Monday, March 26th, 2012

In today’s lecture, Adrian talked about the reading, a chapter from Michel de Certeau’s The Practice of Everyday Life. His main focus was strategy and tactic or, how I’ve worded it here, strategy vs tactic. The way Adrian described it, the analogies he chose, seemed to frame it in this way. He talked about consumers having agency, their role is not to just ‘consume’ but to ‘create’ or ‘produce.’ This is directly opposed to the model that consumers are mindless and take in what they’re told to. But they never have. People don’t do that. People practice la perruque, people use tactics.

Adrian’s definitions: strategy is an attempt to frame power for its institutions. Tactics do not formally or deliberately engage in the strategy’s plan. Tactics circumvent it. Tactics aren’t about space, they’re about time. They are, as de Certeau says, about the utilisation of time.

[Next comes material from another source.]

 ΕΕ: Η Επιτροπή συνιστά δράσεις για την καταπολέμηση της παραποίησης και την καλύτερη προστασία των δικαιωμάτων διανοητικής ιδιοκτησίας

This sort of gave me a lightbulb moment. For a few reasons. The biggest one was when Adrian was talking about students. Students at uni refusing to pick up marked work because it was unnecessary, and students at high school wearing their uniforms incorrectly. This made so much sense to me. School uniforms are horrible when you’re in them. When I was in high school I had a love/hate relationship with my uniform. I liked that I didn’t have to think about what I was wearing everyday nor was I judged for what I was wearing by my peers, but I did hate how structured and formal it had to be. I had so little freedom in my school’s strategy — I was weak. So I used tactics. I rolled the sleeves on my blouse. I wore sport socks instead of regular socks. They were such small things, but they were tactics. I was interested in getting around the rules for my own comfort.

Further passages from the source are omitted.